5. Please do not engage in conversation circles. A conversation circle is a fascinating human geometric structure created when three or more people meet in the middle of a walkway and decide to talk. If it's just two people, they tend to stand face to face, about 24 to 36 inches apart. (This is true in the U.S.; there was a study a while back that shows that this distance, and the likelihood of physical contact, varies from country to country.) Three people will form a triangle with each person about 18 - 24 inches apart, shoulder to shoulder. Four people will form a diamond, five people a pentagon, with the shoulder-to-shoulder distance decreasing but the diameter of the construct always increasing. I once saw a conversation circle made of about 12 people, all standing shoulder to shoulder, forming an impenetrable circle about ten feet across in the middle of a walkway. People going in every direction had to squeeze around the people in the conversation circle, who were blissfully unaware of the existence of anyone other than themselves. Which brings us to the next rule:
6. You are not the only person in the world. Some people slip into solipsism while shopping. They will stand in the middle of an aisle, oblivious to the fact that other people are trying to navigate the aisle with their shopping carts. You are not the only shopper in the store, nor even the most important shopper. I am. Which brings us to the next rule:
7. Get out of my way. There are many different types of shoppers. The two extremes are the Saunterers and the Guided Missiles. These roughly correspond to "gatherers" and "hunters". In a Mall, Saunterers will move slowly and aimlessly, apparently waiting for inspiration to strike them, or perhaps waiting for the drugs to wear off. Guided Missiles know exactly what they want and where they have to go to get it. They move with determination and speed, which doesn't always work well in a Mall walkway jammed with Saunterers. The Guided Missiles will weave in and out of the Saunterers, who are often known to come to complete stops for no readily apparent reason. I am a Guided Missile, and a big one at that. Get out of my way, and we'll all be happier. And finally...
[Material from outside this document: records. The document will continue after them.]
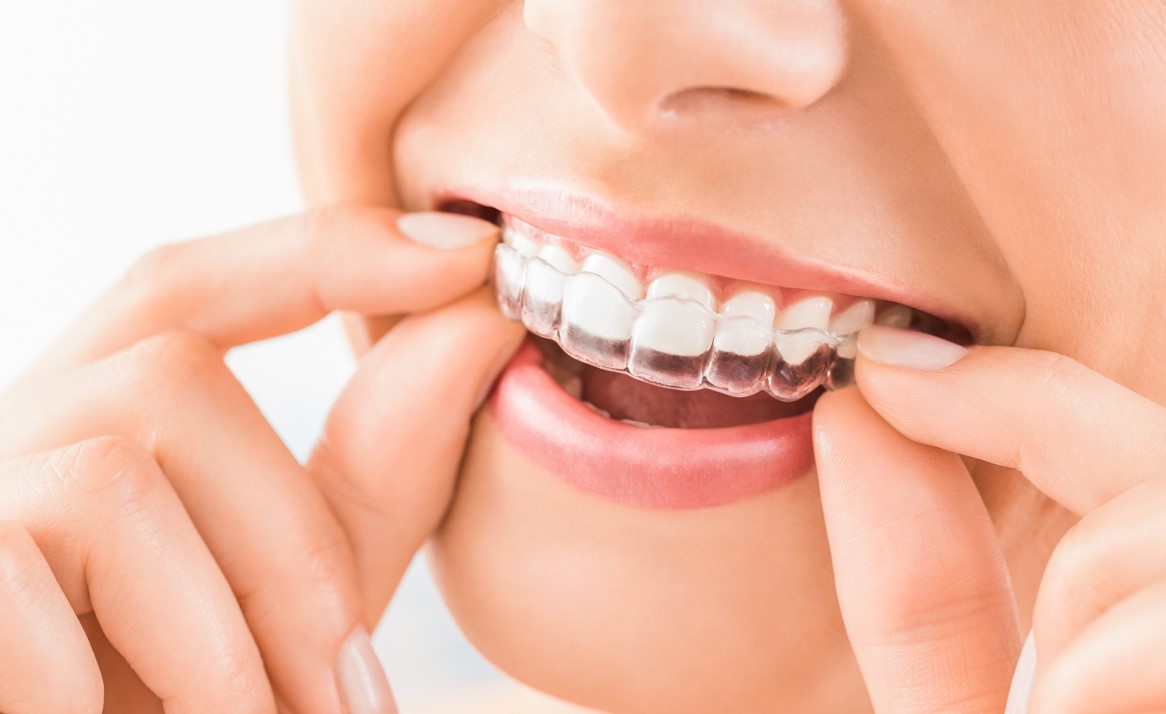 Clear Aligners In J P Nagar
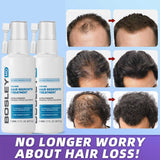 Fast Hair Growth Serum Spray For Men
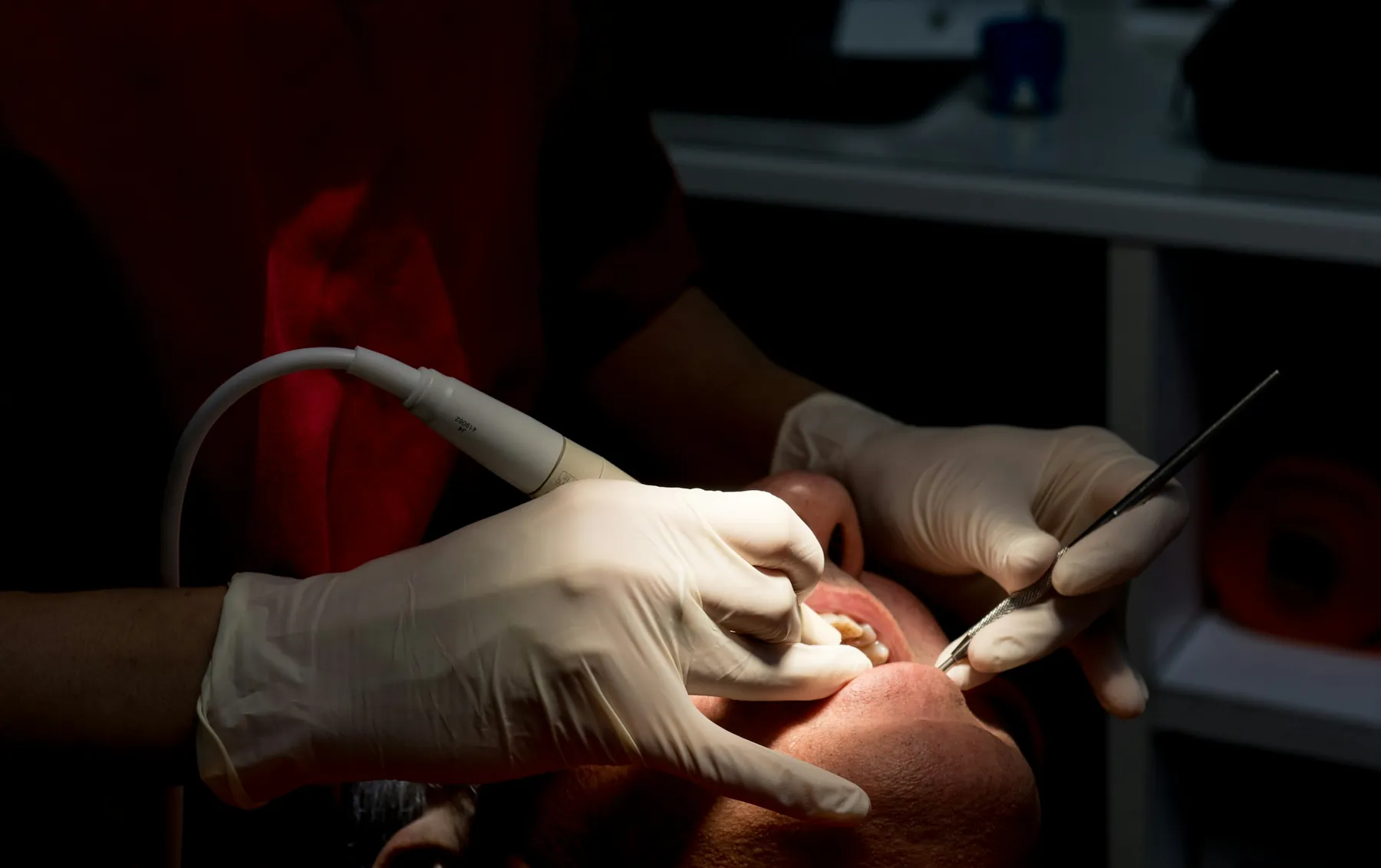 Dentist's gloved hands working under a single lamp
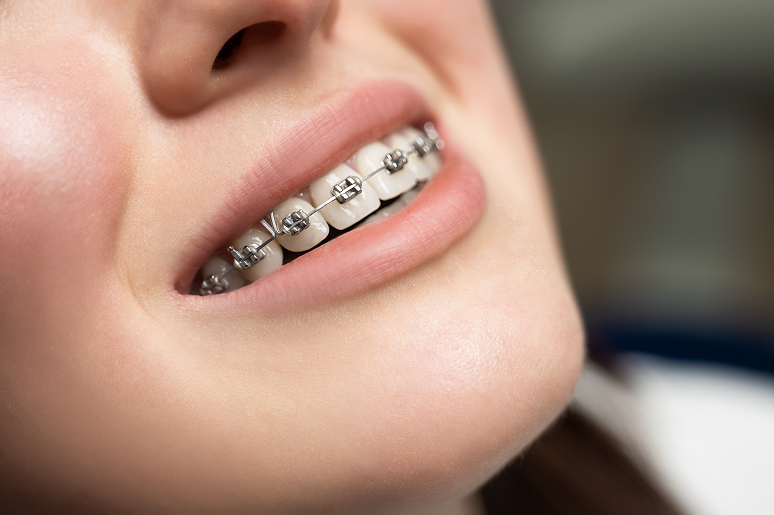 Ceramic braces at Trusted Dental Hawthorne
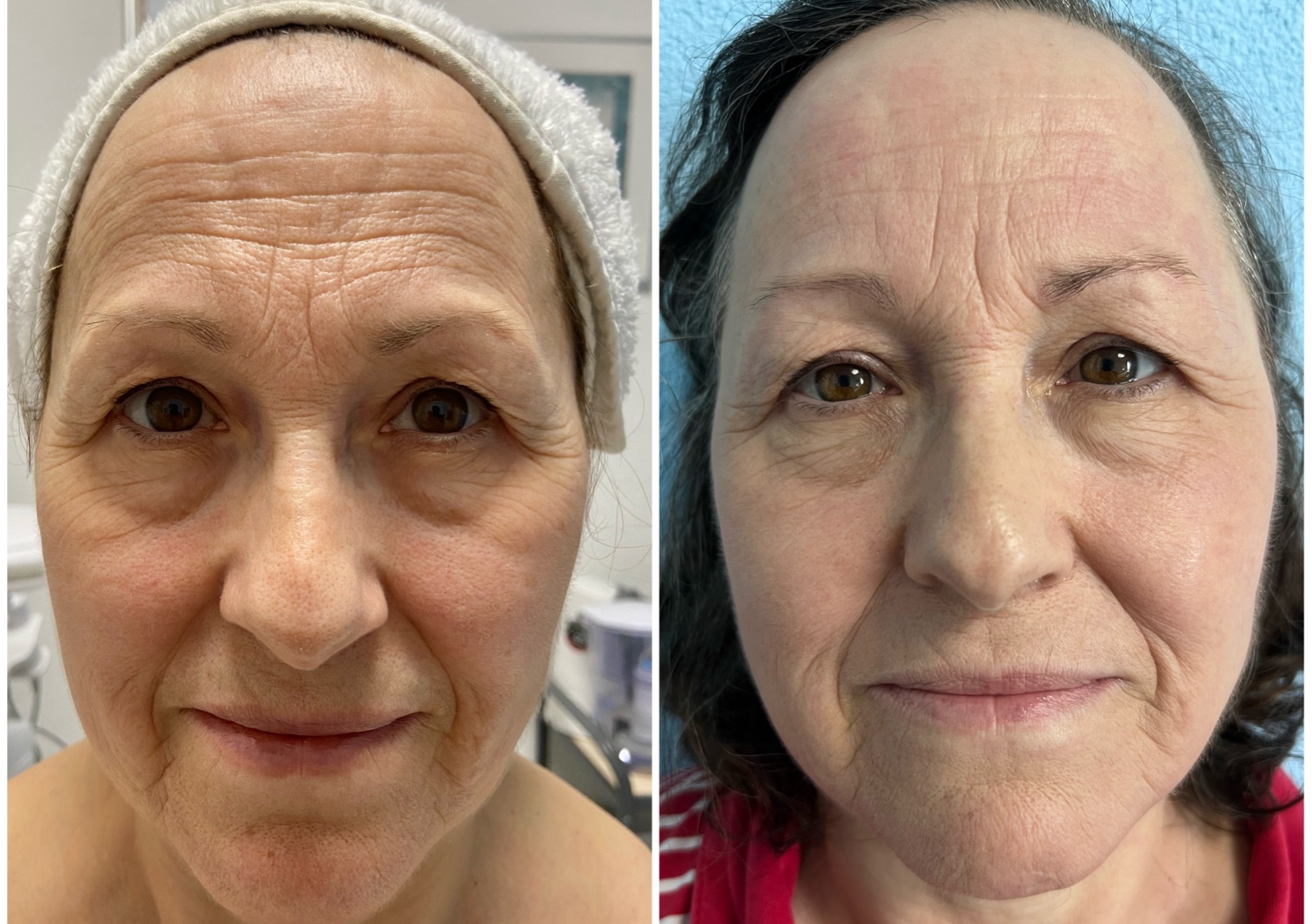  Mikroneedling (Kollagen-Biostimulator und Skin-Booster)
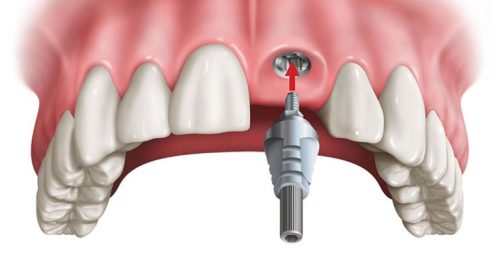 Trồng răng cửa có đau không và những lưu ý quan trọng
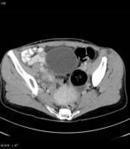 Mature (cystic) ovarian teratoma | Radiology Reference Article | Radiopaedia.org | AntiNMDA | Scoop.it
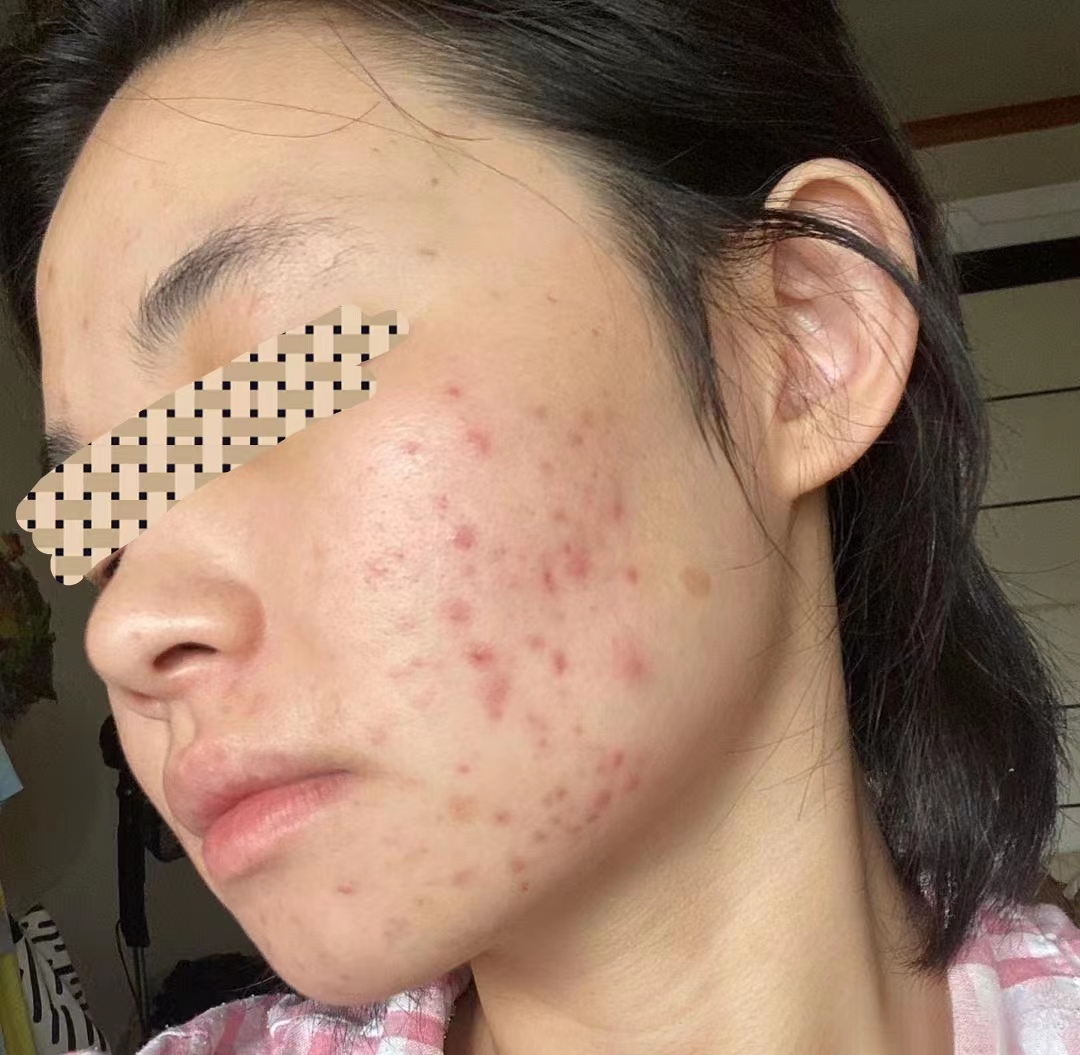 大片痤疮红痘印最快的治疗方法,痘痘反复长脓包不停如何正确祛痘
Special rule for retailers: Baby, it's cold outside. This is especially true in regions like Northeastern Pennsylvania where temperatures can get painfully cold during the Christmas shopping season. People shopping indoors need to dress for the weather outdoors. That means hats and scarves and heavy coats. So unless your store has a heated indoor parking lot, or offers changing rooms and lockers or a coat check room, please do not heat your establishment to make everybody toasty and warm. This may be great for employees, but it will tend to make shoppers grouchy and overheated. And sweaty. And smelly. I can smell them. If your store or Mall is full of smelly sweaty people, I'm gettin' out of there. And I don't want to walk out of your sweltering hot store into the freezing cold air. That will also piss me off.
So, see? Very simple rules that, if we all follow them, will make me happy this holiday shopping season. And when I'm happy, it's a better shopping experience all around.
*More pleasant for me, that is. But trust me, you want me to be happy when I'm out amongst the crowds.